-- ABOUT THIS TASK --
Take the lines from the one containing "Of met je hond." through the final line below and restate them exactly. Omit the pictures.

[Records contained in a dataset]
•••••
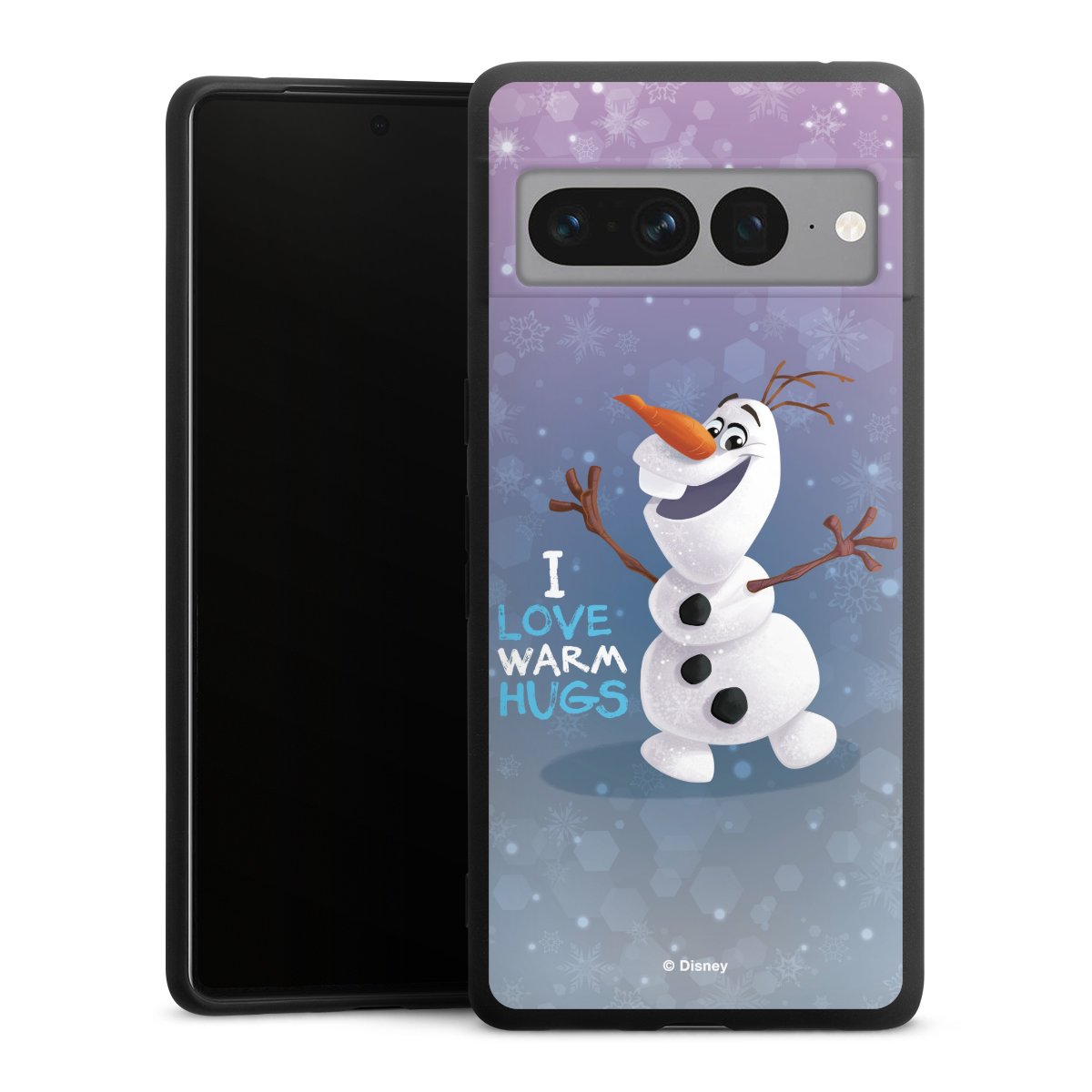 Google Pixel 7 Pro Handy Premium Silikon Hülle Handyhülle schwarz Case Frozen Frozen Olaf Official Licensed Product Silikon Premium Case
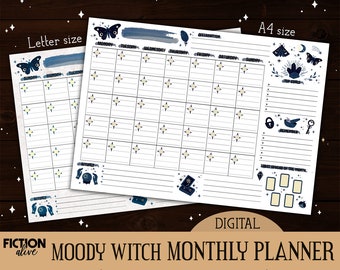 Moody witch monthly pad planner A4 + LETTER size | Print yourself occult witch deskpad printable | Vintage faded witchy planner moth magic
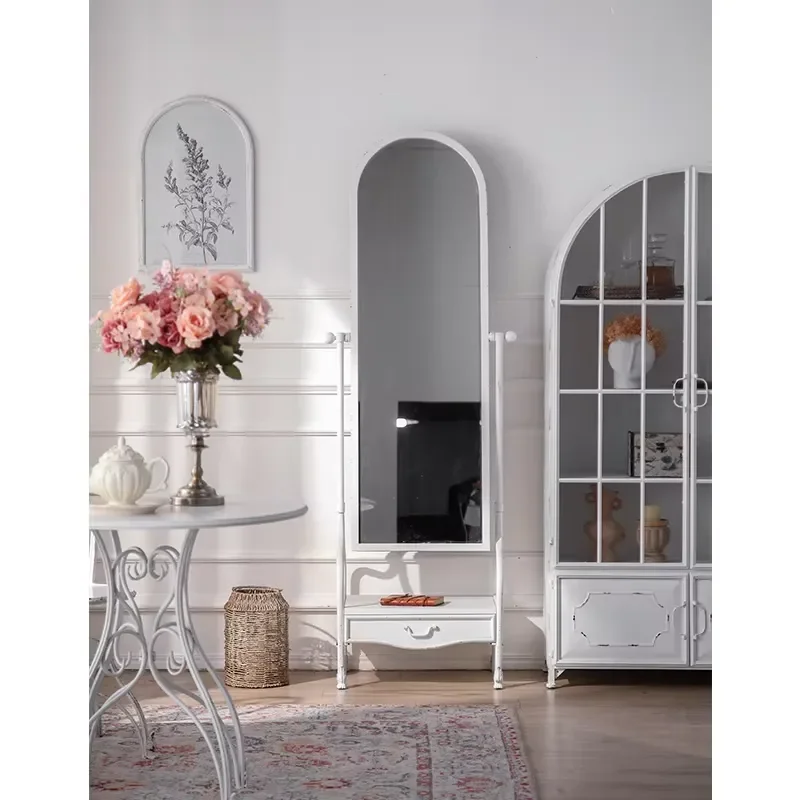 White Arched Floor Mirror Full Length Metal Frame French Style Iron Standing Mirror With Drawer For Bedroom Living Room Decor
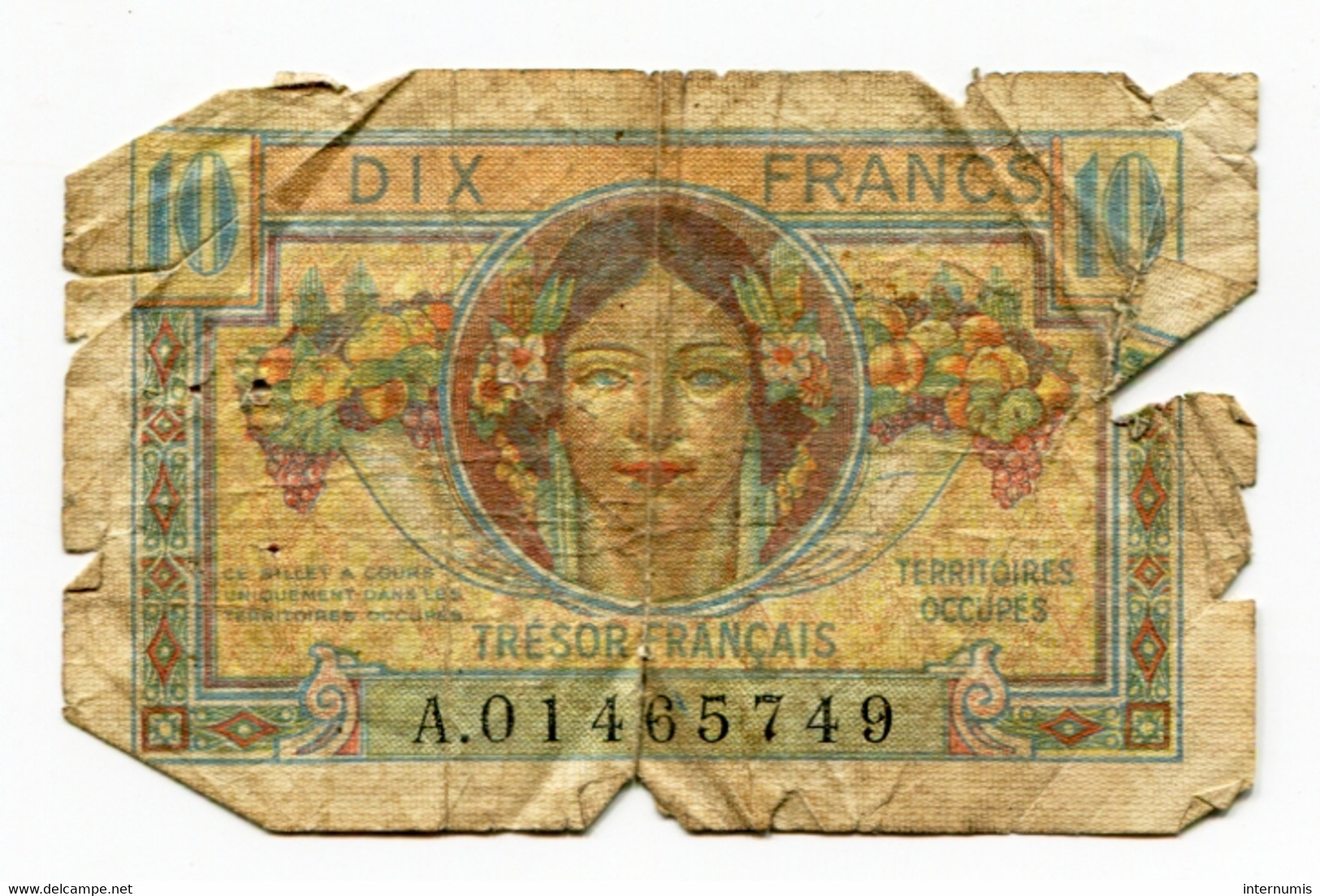 France, 10 FRANCS, TRESOR FRANCAIS, TYPE DE 1947, N° : A.01465749, M (Poor), VF.30.01 - 1947 Trésor Français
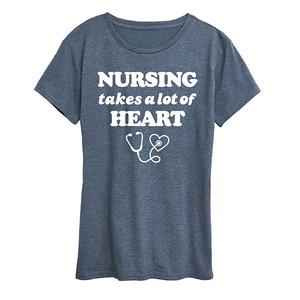 Футболка с принтом Women's nursing takes a lot of heart Unbranded, Heather Blue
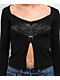 SWIXXZ Rhinestone Flyaway Black Long Sleeve T-Shirt - Thumbnail image 3 of 5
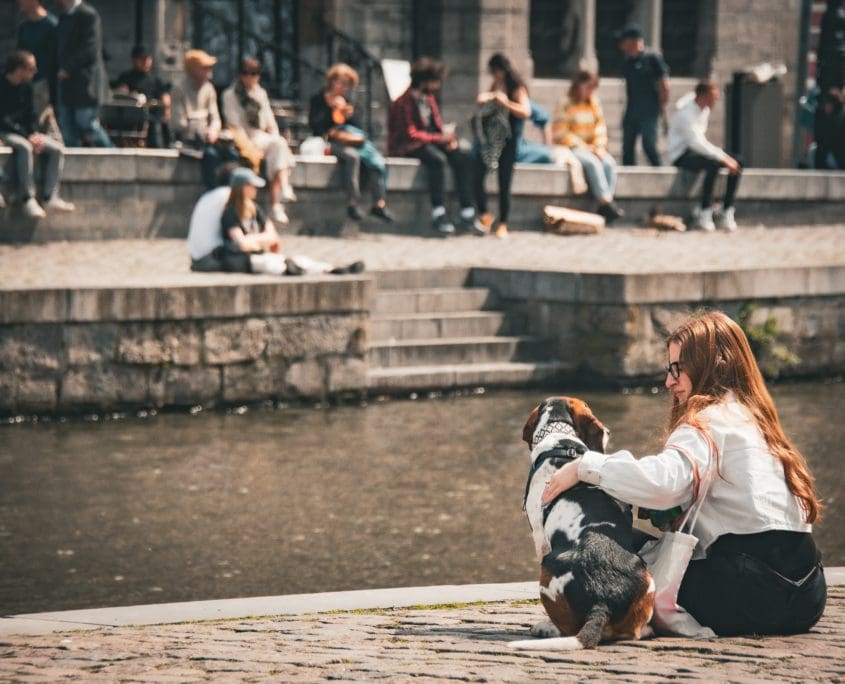 Of met je hond.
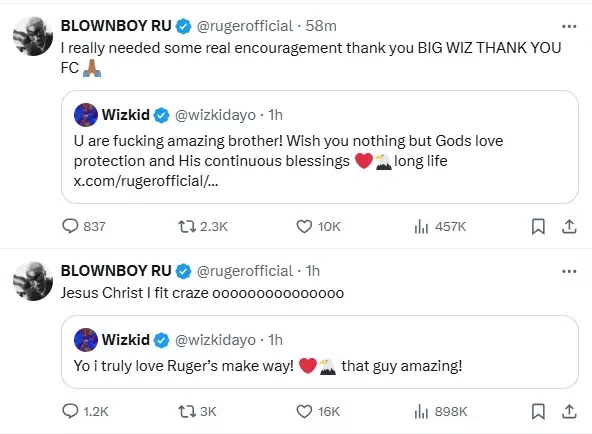 Ruger goes gaga as Wizkid shows appreciation for his music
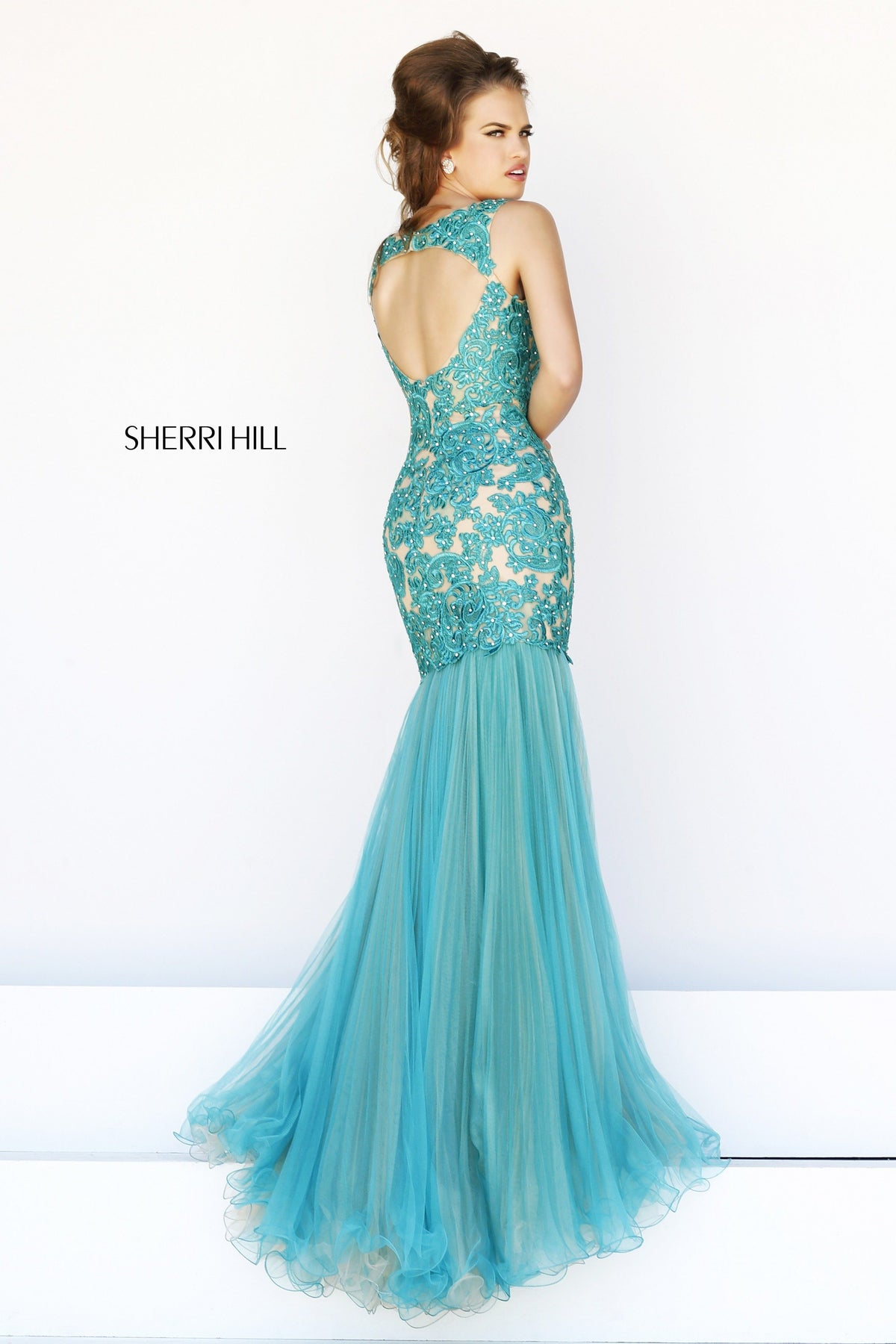Sherri Hill 21305 beaded lace mermaid gown with tulle skirt in emerald/nude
•••••
-- EXERCISE RESPONSE --
 Of met je hond.
 Ruger goes gaga as Wizkid shows appreciation for his music
Sherri Hill 21305 beaded lace mermaid gown with tulle skirt in emerald/nude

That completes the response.